Once when I was discussing a paper topic with Frank Clooney, I told him I wanted to critique some parts of the ritual theory of a third-century Indian thinker by the name of Shabara. He asked me, “Have you read all of Shabara?” His course was my first exposure to Shabara, and Shabara’s work exceeds fourteen-hundred pages. I had not.
At the time, I thought this somewhat unfair. Shabara writes on numerous topics. One needn’t read everything he wrote to take issue with his arguments on certain topics.

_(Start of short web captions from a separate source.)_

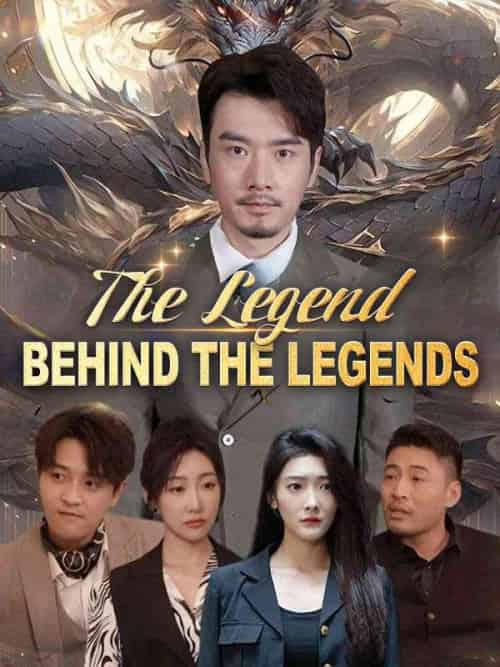 The Legend Behind the Legends The Legend Behind the Legends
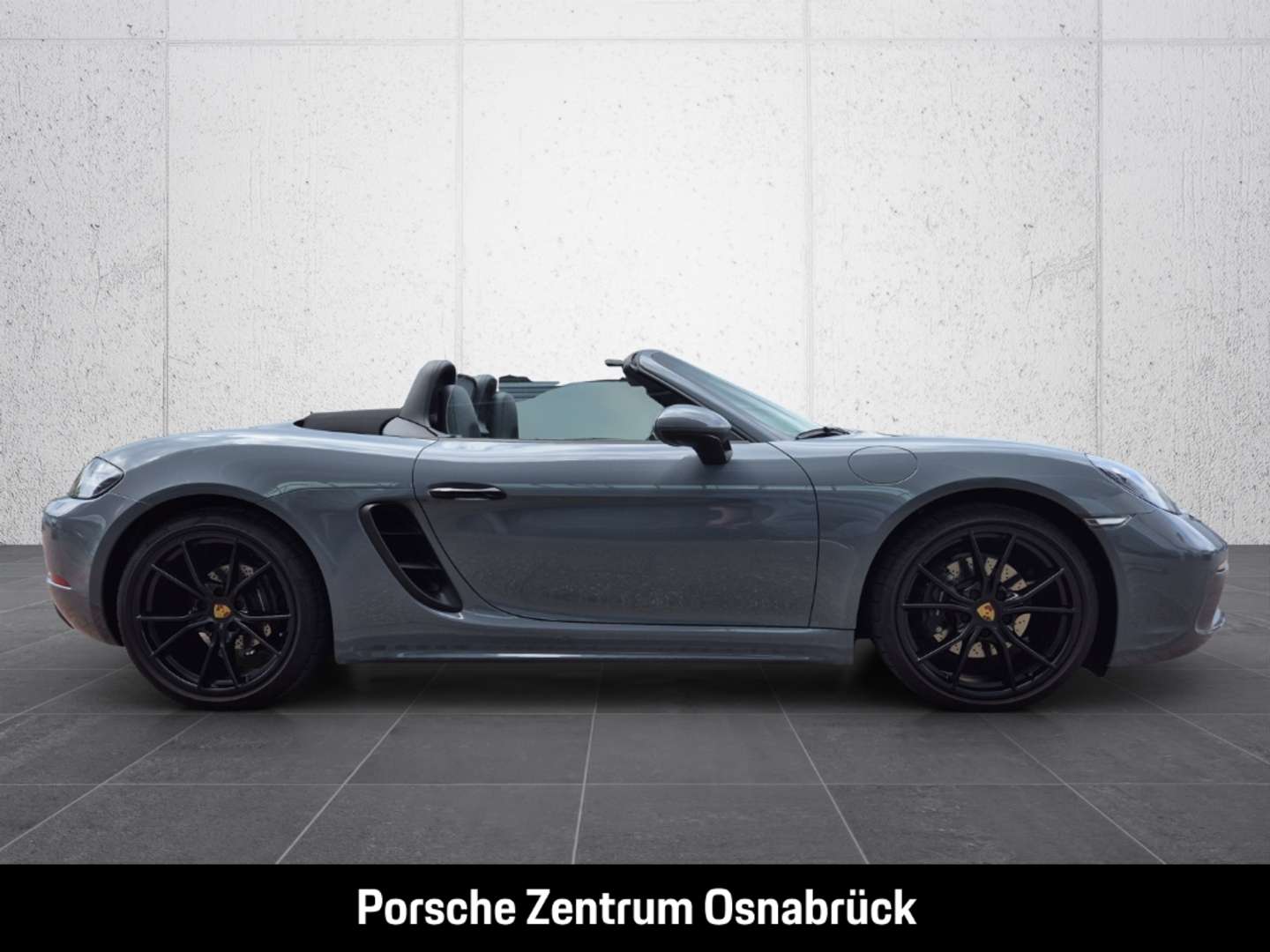 Porsche Boxster S - 2024 - Joinsteer - #6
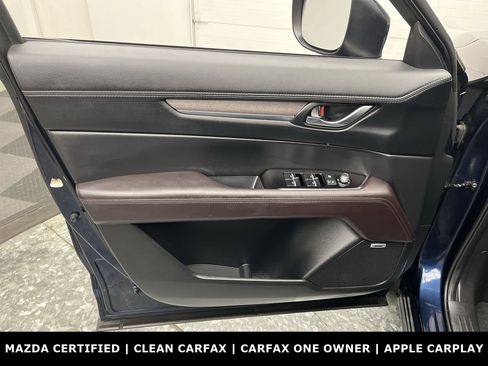 Certified 2022 MAZDA CX-5 Signature image 9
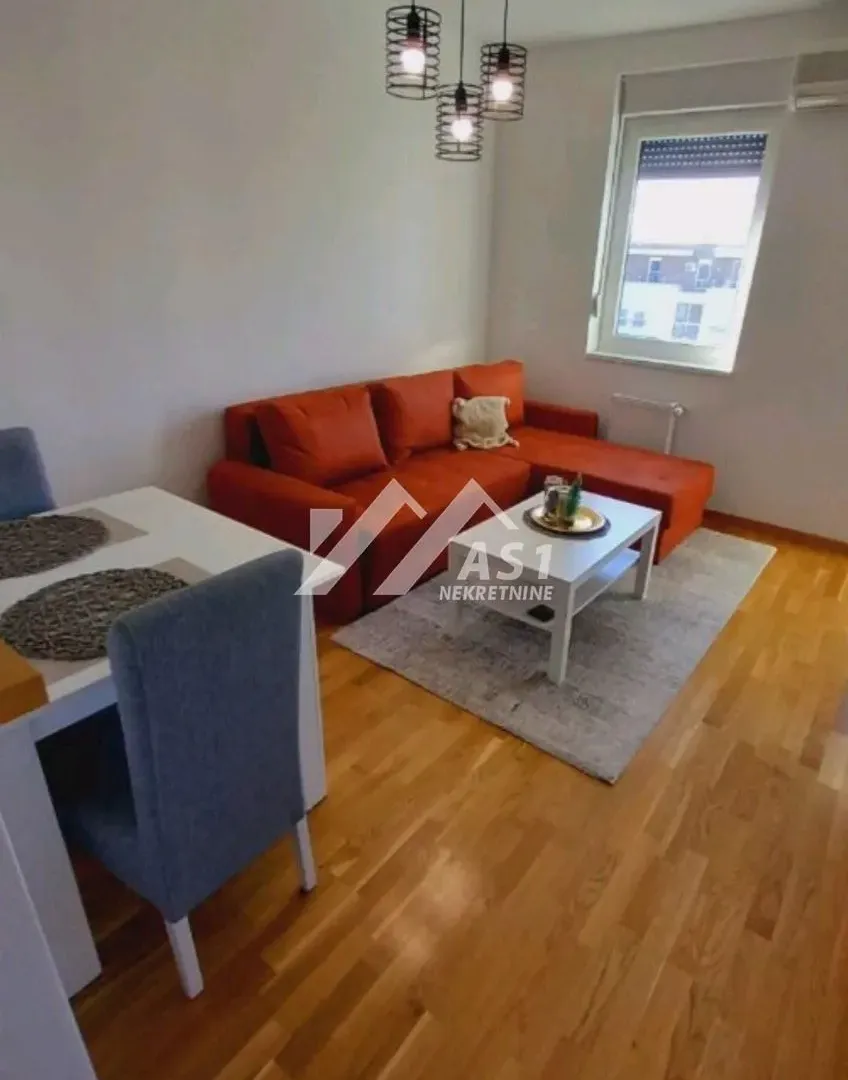 Rent, one bedroom apartment, 37m², Jugovićevo, Novi Sad Sve Podlokacije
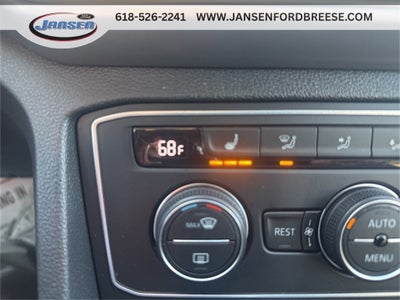 2019 Volkswagen Atlas 3.6L V6 SE w/Technology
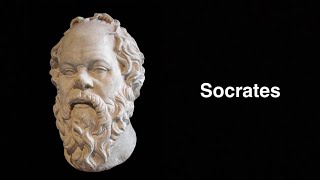 Socrates. Greek philosopher | English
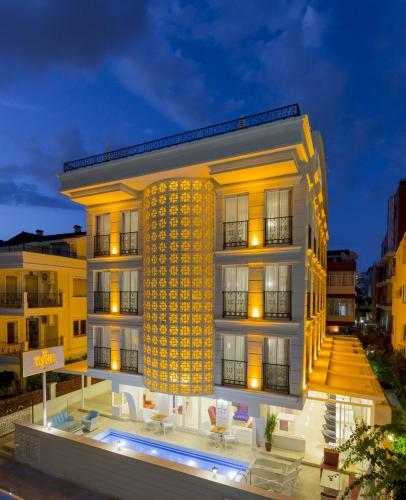 Wise Hotel & Spa - Adults Only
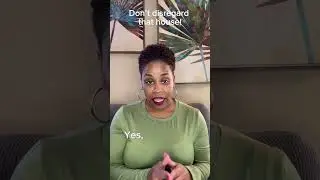 Don&rsquo;t overlook that house!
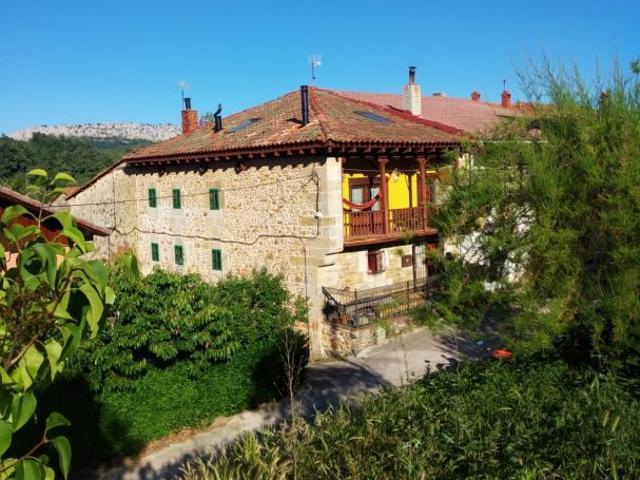 Casa chalet en Venta en Valle de Manzanedo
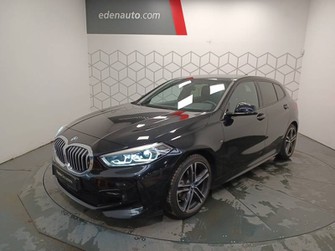 Photo Bmw Serie 1 Série 1 118i 136 ch DKG7 M Sport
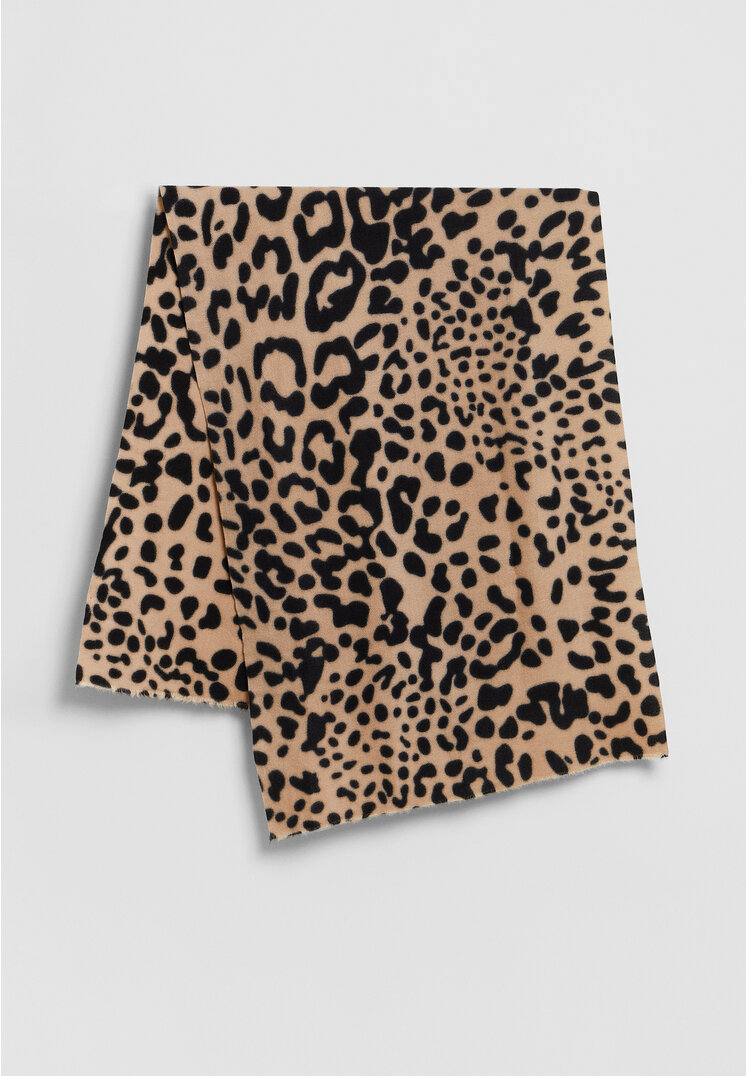 Leopard print 2024 scarf canada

But since then I’ve realized that Frank perhaps understated his point. I could read all of Shabara and still not understand him well because I would not have read Kumarila‘s commentary on Shabara, Prabhakara‘s commentary, later commentators, or the sutra text on which Shabara comments. Shabara believed that the performance of Vedic rituals by appropriate persons is tantamount to moral duty, that the sounds of the Veda are authorless and eternal, that the effects of ritual actions may be felt–through the agency of karma–many lifetimes after the sacrificial fire is ash. What had I done to think like that?
This episode taught me the most important lesson I ever learned while working on my Master’s: A person has no business criticizing an idea he does not understand. In almost all cases, the criticism will be unfair to proponents of the idea, insufficiently nuanced, inattentive to the goals of the idea and the worldview upon which it is based.